Here’s where paid promotion can help your profile gain momentum. For example, on Facebook, you can set an ad with the objective of increasing your number of page likes and it will show your page to your set target audience. LinkedIn, Instagram and TikTok also allow you to drive paid traffic inside their platforms, exposing your page to more viewers than you would reach on your own, especially if you’re opening a new profile.

However, before you do this make sure that you are ready. That your profile is complete, that there’s a clear set of metrics you want to measure and that you have the support to engage and support new viewers.

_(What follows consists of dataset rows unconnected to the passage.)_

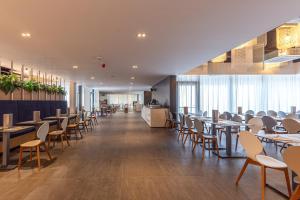 a dining room with tables and chairs and a cafeteria at Holiday Resort Ad Turres in Crikvenica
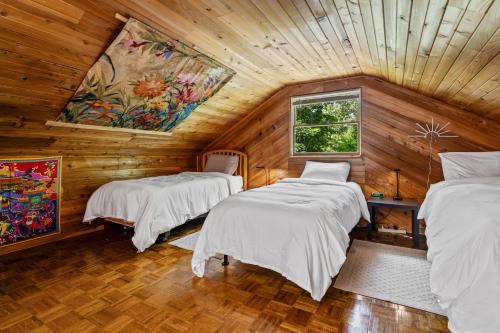two beds in a room with wooden walls at Jocko River Retreat - A Nature Lovers Dream in Arlee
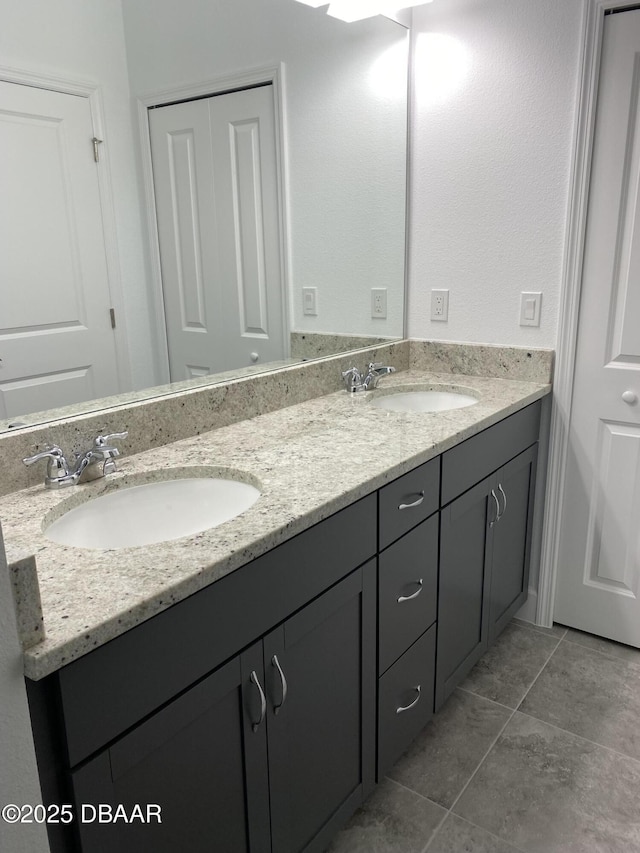 bathroom with tile patterned flooring and vanity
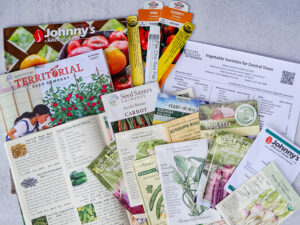 seed packets and catalogs with information to help you choose the vegetable variety best for your garden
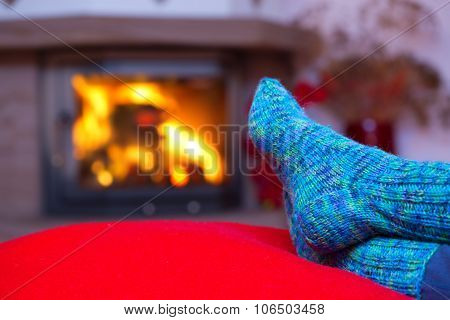 Feet in woollen blue socks by the fireplace.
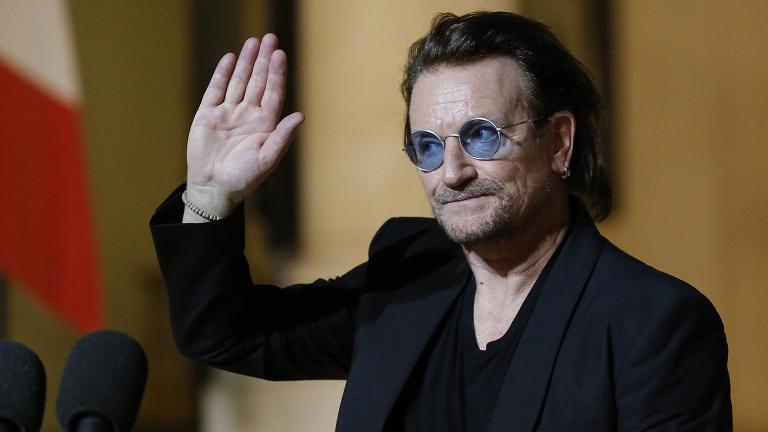 In this Monday, Sept. 10, 2018, file photo, U2 singer Bono waves goodbye to the media after a meeting with French President Emmanuel Macron at the Elysee Palace in Paris, France. (Michel Euler / AP File Photo)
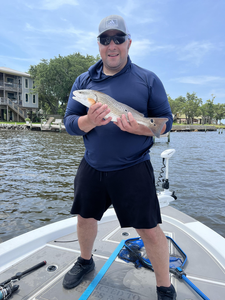 A 14-inch redfish reeled in during a cloudy afternoon in Milton!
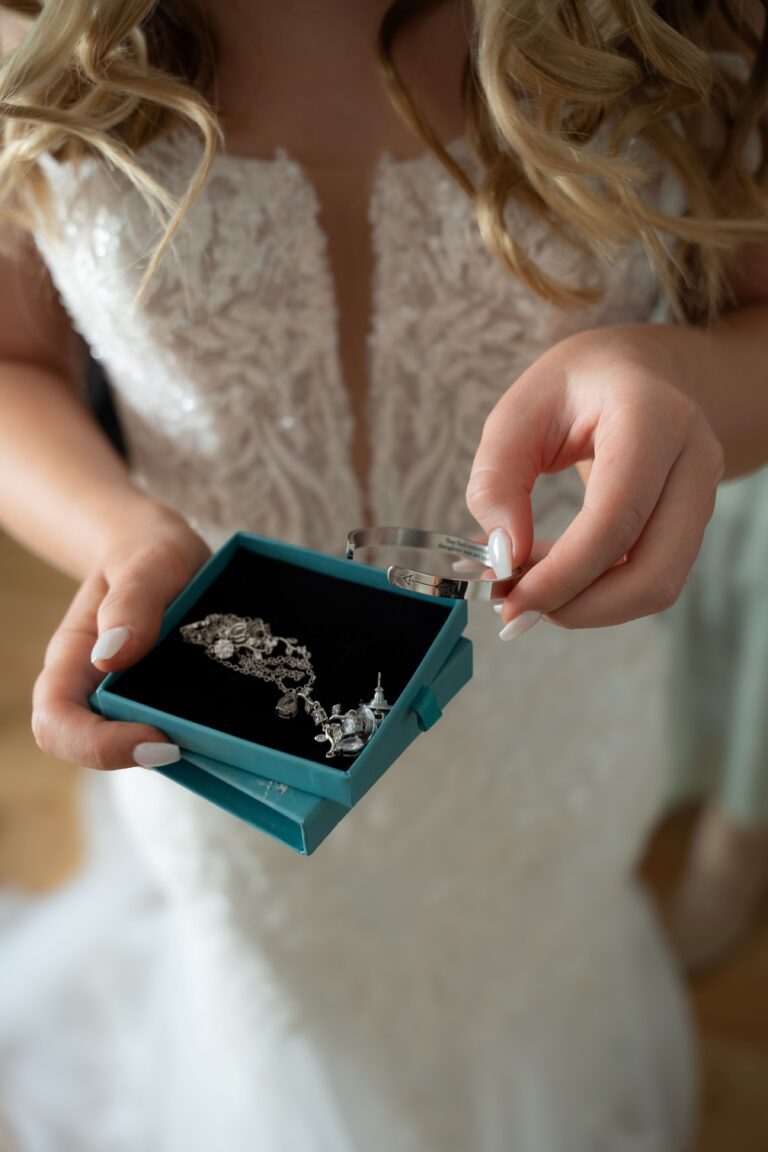 A bride removes her necklace from a blue jewelry box while getting ready for her wedding.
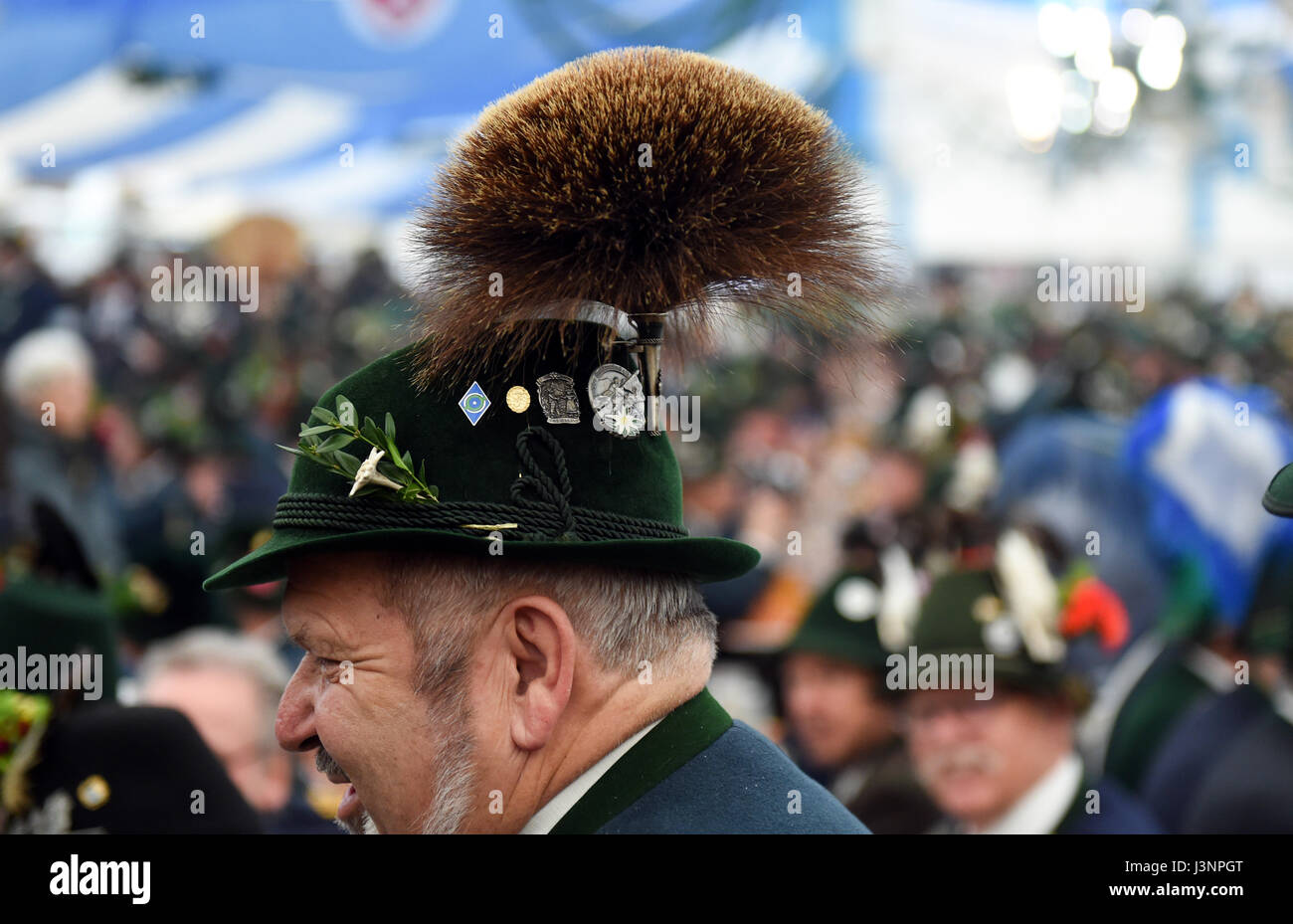 Gaissach, Germany. 7th May, 2017. A member of a traditional Bavarian Gebirgsschuetzen (lit. mountain marksmen) club wearing a Gamsbart hat in a beer tent during traditional Patronatstag feast day celebrations in Gaissach, Germany, 7 May 2017. The meeting takes place every May to honour the patron saint of the Gebirgsschuetzen, Mary the mother of Jesus. Photo: Andreas Gebert/dpa/Alamy Live News Stock Photo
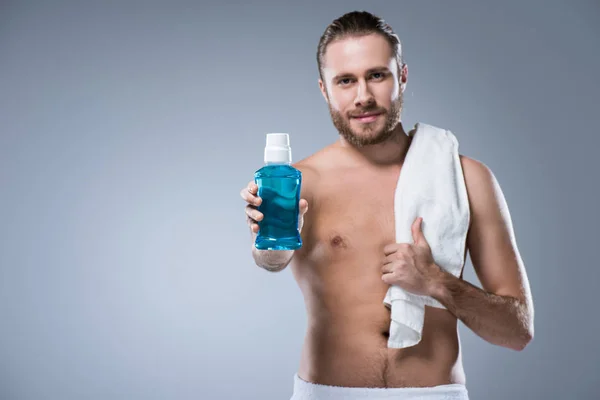 Smiling man with bath towel on shoulder holding bottle with tooth rinse in outstretched hand, isolated on gray — Stock Photo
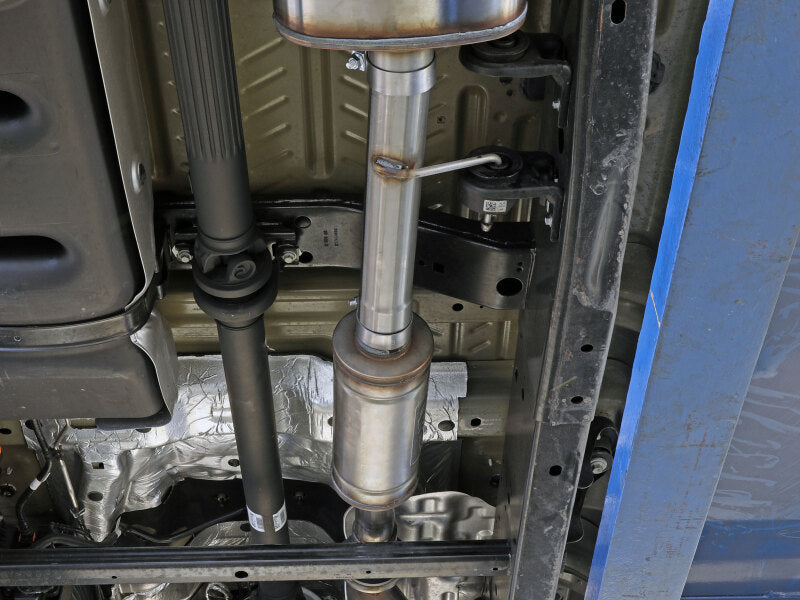 aFe Vulcan Series resonator upgrade pipe installed on a vehicle's exhaust system, showcasing its stainless steel construction and design.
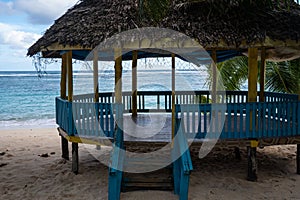 Beach fale`s on a white sand beach at Lalomanu, Samoa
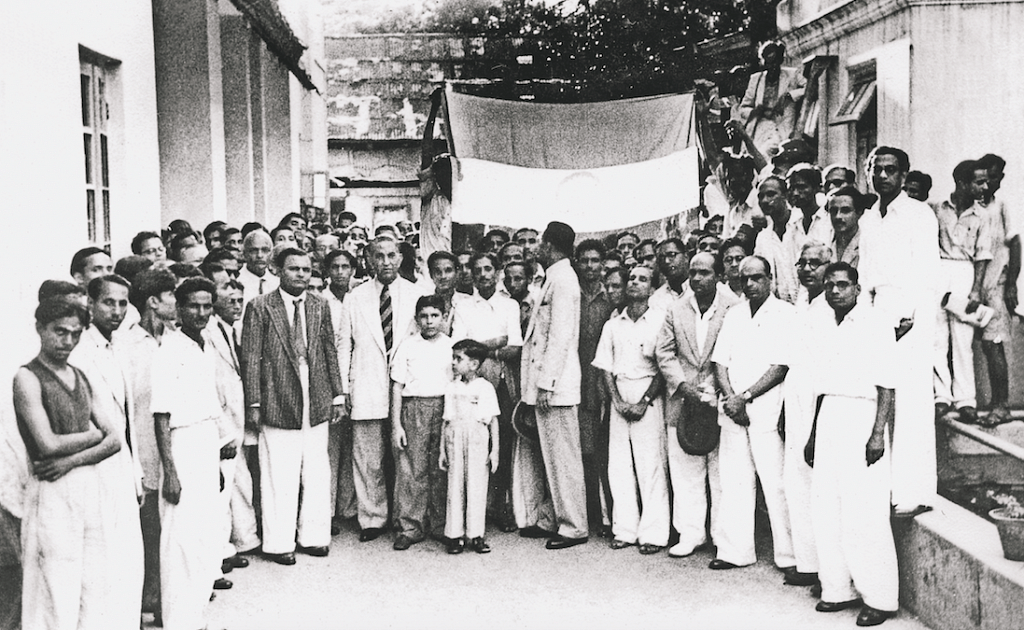 The young Hameid brothers, Yusuf and Muku, join their father and Cipla staff at a flag hoisting ceremony in the company's Bombay premises, 15 Aug 1947 |© Cipla Limited 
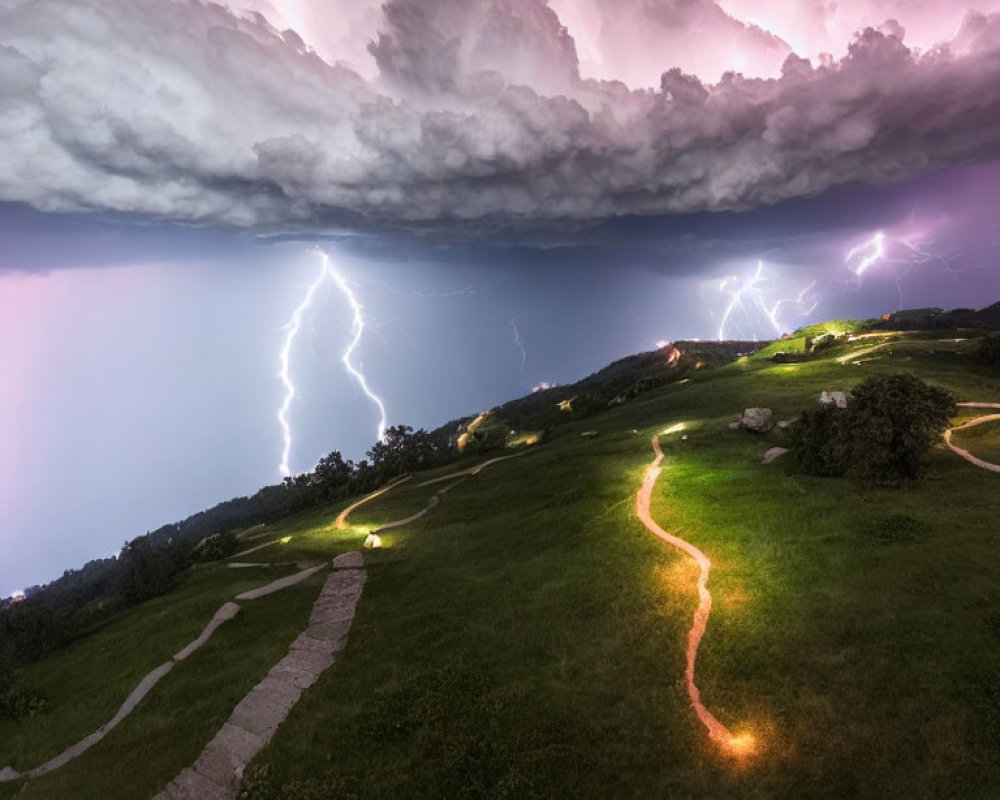 Dramatic thunderstorm with multiple lightning strikes over lush green hillside path at dusk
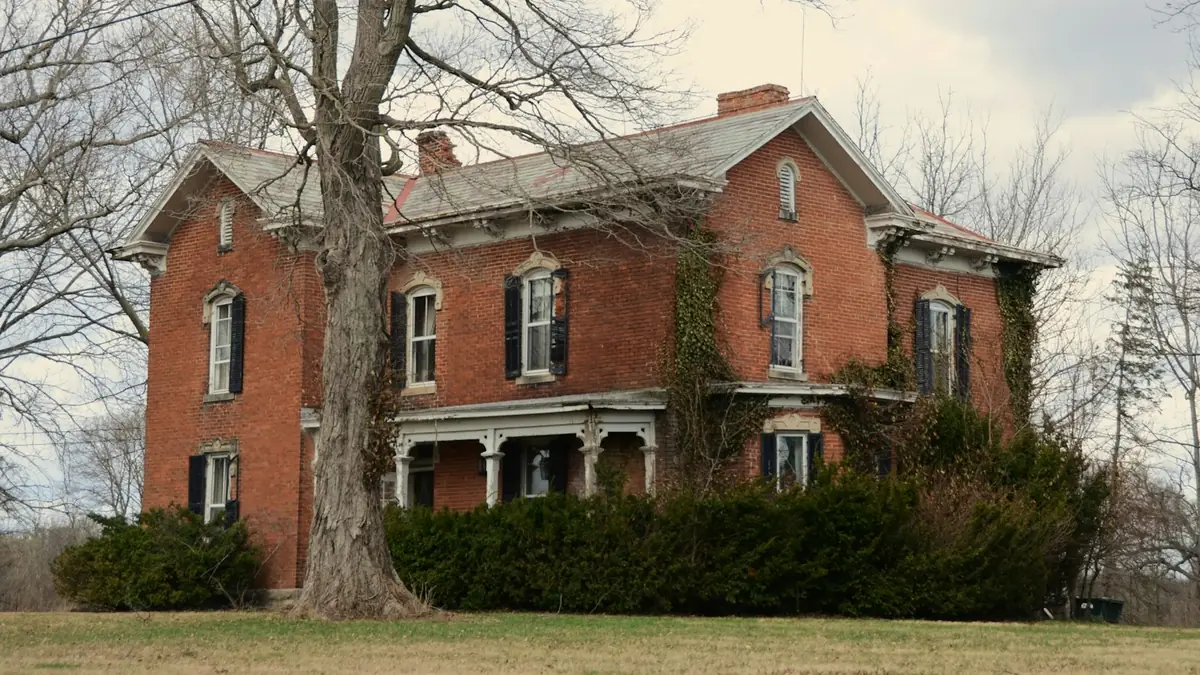 An old red brick house with a porch behind a bare oak and a clipped hedge - Leak Detection in Petersburg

Even if you have a strong profile with a growing audience, organic activity must be combined with paid in order to reach the largest audience. The algorithm is designed that way. Remember, advertising is how social media companies monetize the platform, so you will need to use it to get the most out of your social media presence.

Be Yourself

The last piece of advice I want to leave you with today is this: be real.

Watch what your competitors are doing, but don’t take inspiration from them. Instead, observe carefully what’s happening in your company and take inspiration from there. What makes smaller, niche profiles successful is their uniqueness.

The other thing people are looking for is honesty and authenticity. Make sure what you are communicating matches up with your values and goals and that your photos, videos and images are original to you. People will notice stock images and if your message doesn’t ring true. Trust begins with how you present yourself, and that is just as true on social media as elsewhere.

People will only follow businesses they believe they can trust and they judge to be worthwhile enough to follow. The age of businesses being able to “lie” is gone. The era of transparency has begun.